Bug#623613: Removing SAN mapping spawn uninterruptible process

Thu Apr 28 12:25:18 UTC 2011

On 04/28/2011 03:51 PM, Laurent Bigonville wrote:
>> Yes. Recently, the flush_on_last_del feature was added. Can you check
>> if that is active by default?
>> (multipath -v3 should show you all the applied options)
> 
> According to redhat doc [0] this is disabled by default.
>

Okay! But I'm not sure what upstream's default is. Can you confirm that
that feature is NOT in use?

> But it seems that when doing:
> 
> echo 1> /sys/block/sdX/device/delete
>

You shouldn't do this. This is not correct.

> to remove the paths with flush_on_last_del enabled, that the mapping is
> not release if there other processes that are were already waiting for
> IO (kpartx and blkid, again in this case)
> 
> multipathd: cc_fleet_otf_test_4_1 Last path deleted, disabling queueing
> multipathd: cc_fleet_otf_test_4_1: map in use
> multipathd: cc_fleet_otf_test_4_1: can't flush
> multipathd: flush_on_last_del in progress
> multipathd: cc_fleet_otf_test_4_1: failed in domap for removal of path
> sda
> 
> I think that this should be reported upstream.
>

If there is pending IO on the map, and if queue_if_no_path is enabled,
you are asking for too much trouble by not releasing the map first.
Just for the check, disable queue_if_no_path and see the behavior on
your box. It will be very different. No hangs.

>>
>>> 2) as soon as the mapping on the san is removed
>>>
>>> all the paths get faulty
>>>
>>> cc_fleet_otf_test_4_1 (3600a0b80004725120000152a4d5cdd9e) dm-0
>>> IBM,1815      FAStT size=500G features='0' hwhandler='1 rdac' wp=rw
>>> |-+- policy='round-robin 0' prio=0 status=active
>>> | |- 0:0:1:1 sdb 8:16 active faulty running
>>> | `- 1:0:1:1 sdd 8:48 active faulty running
>>> `-+- policy='round-robin 0' prio=0 status=enabled
>>>  |- 0:0:0:1 sda 8:0  active faulty running
>>>  `- 1:0:0:1 sdc 8:32 active faulty running
>>>
>>> And /var/log/daemon.log gets spammed with:
>>>
>>> [...]
>>>
>>> so it seems that the status is flipping (the up and ghost paths
>>> seems the same as when the LUN was mapped), is this expected?
>>>
>>>
>>
>> This might be weird.

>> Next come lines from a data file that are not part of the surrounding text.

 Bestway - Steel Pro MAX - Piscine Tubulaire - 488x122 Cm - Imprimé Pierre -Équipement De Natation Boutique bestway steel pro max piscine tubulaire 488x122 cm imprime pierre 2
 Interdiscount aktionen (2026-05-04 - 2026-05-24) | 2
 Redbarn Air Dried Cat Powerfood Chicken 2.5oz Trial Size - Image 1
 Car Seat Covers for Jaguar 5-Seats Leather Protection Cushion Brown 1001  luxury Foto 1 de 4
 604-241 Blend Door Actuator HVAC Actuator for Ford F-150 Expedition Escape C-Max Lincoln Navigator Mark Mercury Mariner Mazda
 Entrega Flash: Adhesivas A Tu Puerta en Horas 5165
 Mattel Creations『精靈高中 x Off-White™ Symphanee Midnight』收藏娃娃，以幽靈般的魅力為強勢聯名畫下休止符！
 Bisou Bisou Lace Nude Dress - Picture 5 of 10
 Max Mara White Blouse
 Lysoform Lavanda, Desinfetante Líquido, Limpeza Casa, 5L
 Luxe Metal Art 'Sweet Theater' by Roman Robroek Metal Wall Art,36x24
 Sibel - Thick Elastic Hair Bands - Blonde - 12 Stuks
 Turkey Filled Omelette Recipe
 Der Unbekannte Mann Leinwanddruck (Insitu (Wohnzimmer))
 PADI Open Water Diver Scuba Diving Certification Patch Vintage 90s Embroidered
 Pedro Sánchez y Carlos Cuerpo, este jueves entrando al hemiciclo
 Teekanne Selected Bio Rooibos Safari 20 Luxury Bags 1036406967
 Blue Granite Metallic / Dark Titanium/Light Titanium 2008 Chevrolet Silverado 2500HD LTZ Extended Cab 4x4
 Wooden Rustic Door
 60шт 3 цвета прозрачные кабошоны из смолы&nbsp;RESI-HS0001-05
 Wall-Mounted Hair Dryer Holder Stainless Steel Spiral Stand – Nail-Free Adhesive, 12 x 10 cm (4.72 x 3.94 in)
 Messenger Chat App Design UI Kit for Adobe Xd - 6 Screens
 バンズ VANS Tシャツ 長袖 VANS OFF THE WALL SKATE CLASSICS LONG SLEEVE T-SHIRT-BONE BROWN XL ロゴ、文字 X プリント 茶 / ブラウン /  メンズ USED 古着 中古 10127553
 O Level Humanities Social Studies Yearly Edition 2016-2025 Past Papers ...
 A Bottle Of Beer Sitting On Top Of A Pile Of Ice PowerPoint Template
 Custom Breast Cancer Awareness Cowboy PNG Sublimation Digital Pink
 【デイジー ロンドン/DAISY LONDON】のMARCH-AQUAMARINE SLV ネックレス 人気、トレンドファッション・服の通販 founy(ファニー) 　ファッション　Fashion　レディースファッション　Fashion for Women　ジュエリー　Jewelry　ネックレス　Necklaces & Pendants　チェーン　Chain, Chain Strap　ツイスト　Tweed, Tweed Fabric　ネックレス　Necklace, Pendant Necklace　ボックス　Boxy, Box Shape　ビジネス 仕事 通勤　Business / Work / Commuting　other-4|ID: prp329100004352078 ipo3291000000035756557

The pathchecker reports that sdd and sdb are up
>> but the overall active paths listed go down to 0.
>> At this point, if you run `multipath -v3`, does the status change to
>> what pathchecker is reporting?
> 
> With the LUN unmapped on the san manager, no, the paths are still
> considered 'faulty'
> 
> But with the version from unstable I get the following entries in the
> logs which look more sensible:
> 
> multipathd: cc_fleet_otf_test_4_1: sdb - rdac checker reports path is down
> multipathd: checker failed path 8:16 in map cc_fleet_otf_test_4_1
> multipathd: cc_fleet_otf_test_4_1: remaining active paths: 3
> multipathd: cc_fleet_otf_test_4_1: sdc - rdac checker reports path is down
> multipathd: checker failed path 8:32 in map cc_fleet_otf_test_4_1
> multipathd: cc_fleet_otf_test_4_1: remaining active paths: 2
> multipathd: cc_fleet_otf_test_4_1: sdd - rdac checker reports path is down
> multipathd: checker failed path 8:48 in map cc_fleet_otf_test_4_1
> multipathd: cc_fleet_otf_test_4_1: remaining active paths: 1
> multipathd: cc_fleet_otf_test_4_1: sde - rdac checker reports path is down
> multipathd: checker failed path 8:64 in map cc_fleet_otf_test_4_1
> multipathd: cc_fleet_otf_test_4_1: remaining active paths: 0
> multipathd: dm-0: add map (uevent)
> multipathd: dm-0: devmap already registered
> multipathd: cc_fleet_otf_test_4_1: sdb - rdac checker reports path is down
> multipathd: cc_fleet_otf_test_4_1: sdc - rdac checker reports path is down
> multipathd: cc_fleet_otf_test_4_1: sdd - rdac checker reports path is down
> multipathd: cc_fleet_otf_test_4_1: sde - rdac checker reports path is down
> [...]
> 
> So this seems fixed in unstable/testing.
>

Unmaps on the target should not be done without the release on the host.
Because for the host, it is not an unmap. It is a sporadic failure and
the host will wait/expect it to be back.

We've done a lot of work on this. And we've concluded that _this_ is the
Right Approach. Just to quote from the Red Hat docs:

====
Procedure 21.1. Ensuring a Clean Device Removal
Close all users of the device and backup device data as needed.
Use umount to unmount any file systems that mounted the device.
Remove the device from any md and LVM volume using it. If the device is
a member of an LVM Volume group, then it may be necessary to move data
off the device using the pvmove command, then use the vgreduce command
to remove the physical volume, and (optionally) pvremove to remove the
LVM metadata from the disk.
If the device uses multipathing, run multipath -l and note all the paths
to the device. Afterwards, remove the multipathed device using multipath
-f device.
Run blockdev –flushbufs device to flush any outstanding I/O to all paths
to the device. This is particularly important for raw devices, where
there is no umount or vgreduce operation to cause an I/O flush.
Remove any reference to the device's path-based name, like /dev/sd,
/dev/disk/by-path or the major:minor number, in applications, scripts,
or utilities on the system. This is important in ensuring that different
devices added in the future will not be mistaken for the current device.
Finally, remove each path to the device from the SCSI subsystem. To do
so, use the command echo 1 > /sys/block/device-name/device/delete where
device-name may be sde, for example.
Another variation of this operation is echo 1 >
/sys/class/scsi_device/h:c:t:l/device/delete, where h is the HBA number,
c is the channel on the HBA, t is the SCSI target ID, and l is the LUN.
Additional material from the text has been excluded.